The Tri-Power will out flow the 4bbl. If it didn't it wouldn't be an added performance option to the stock 4bbl.


----------



## geeteeohguy (Feb 2, 2008)

If you are looking to de-tune your engine, a 650 Holley and a Performer intake is a good start. You will get a significant reduction in power. Is that your goal? Tripower is not for everybody....it produces quite a jolt when the outer carbs are opened up, and coffee has been known to be spilled on occasion. On the other hand, if you want performance, keep the tripower. Good for about 30hp over a comparable 4bbl set up. With no real down side.


----------



## rickm (Feb 8, 2012)

i like most pontiac enthusiasts love the tri-power set up. ive had it both ways. my '64 bobcat tri-power used to give passengers whiplash. but make no mistake, a properly set up 4bbl. will give any tri-power set up a run for its money. rickm.


----------



## BearGFR (Aug 25, 2008)

orelog said:


> ...I am thinking about the Performer RPM manifold with a 650 Holley spread bore...

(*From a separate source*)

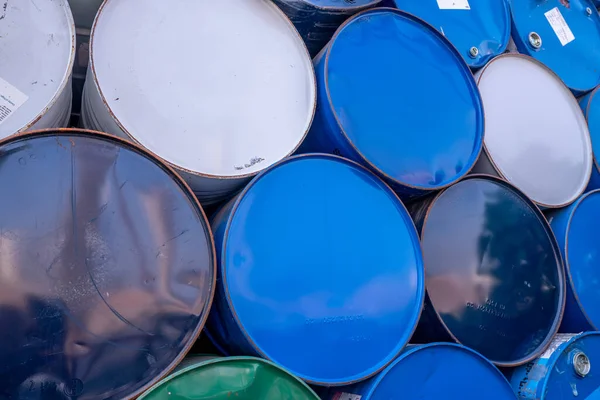 Old chemical barrels. Blue, white, and green oil drum. Steel oil tank. Toxic waste warehouse. Hazard chemical barrel. Industrial waste in old drum. Hazard waste storage in factory. Metal barrels.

If you're looking to take a bunch of power out of the car because it's too frightening to drive like it is, that's a good way to do it. 

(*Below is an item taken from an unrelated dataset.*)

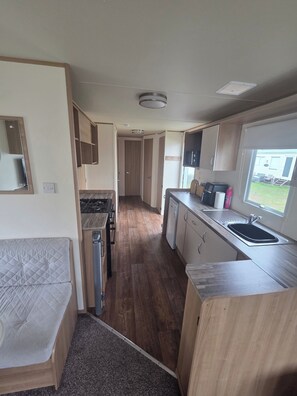 A compact RV kitchen with a stove, sink, and a small refrigerator.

Seriously, you must be considering this swap for some reason. Mind sharing what it is?

Bear


----------



## orelog (Dec 21, 2011)

*Tri-Power*

Bear, I am trying to match the best intake/carb set up for the cam I have for the motor. The cam is the 275DEH from comp cams. As a young man I bought a brand new 1965 GTO off of the showroom floor. It was a 4bbl - auto. I later bought a tri-power set up from the dealer and installed it on the car. Being young and inexperienced I didn't know about mismatching cam and carbs. Now I have a '67 400 to go in my '65 GTO and am leaning on the input from a lot of Pontiac guys that have used different combinations with the Poncho motor. I would also like to save some weight with an aluminum manifold. I think that with the feedback from the forum I will stick with the stock tri-power.


----------



## orelog (Dec 21, 2011)

*Tri-Power*

Or, how about dual quads!!!!??


----------



## Rukee (Feb 8, 2007)

If you think Tri-Power is bad on gas just install dual quads!! :lol:
Seriously though, just keep the Tri-Power, it's fast and factory correct giving more of a "Wow" factor. If you want to install something, get the factory cam for the Tri-Power.


----------



## geeteeohguy (Feb 2, 2008)

Tripowers are great on gas if you keep your foot out of the end carbs.....Good choice, orelog. You can jet the carbs up or down to match your cam and keep the trips. My '65 came with trips, and I've run nothing else on the car for the past 30 years of driving it. It's a great set-up. Try it, you'll like it!!


----------



## Tom L (Aug 11, 2011)

Hello all. Say can someone explain why Pontiac went to the bigger center bore carb in 66? I've always had 64's and now have a 65 tri power on a mismatched motor still using the 64 and earlier small bore center carb. I tried to find the weight of the 66/67 thinking that may be why the bigger bore but no weights listed in my book after 65. As for HP they all were(65-66-67-68)360 @ 10.75 comp with tri power except the 64 with same comp/carbs was only 348 and the 69 with same comp and carbs 366(oval port ex maybe). I have not researched cams so am thinking thats where they made the hp gains. I know about the valve angle changes in 67 but still the 67-68 is rated at 360 hp. A couple other changes are curious too; the 12 to 10 bolt intakes and the 8 to 10 bolt water pump? Oh yeah, whats a GTO with out Tri Power? Both Ford and Chrysler tried it but never gained the mystic of the GTO! And I new of early 60's big Pontiacs with trips but still when the GTO came out, well it's like pockets on shirts. Tom


----------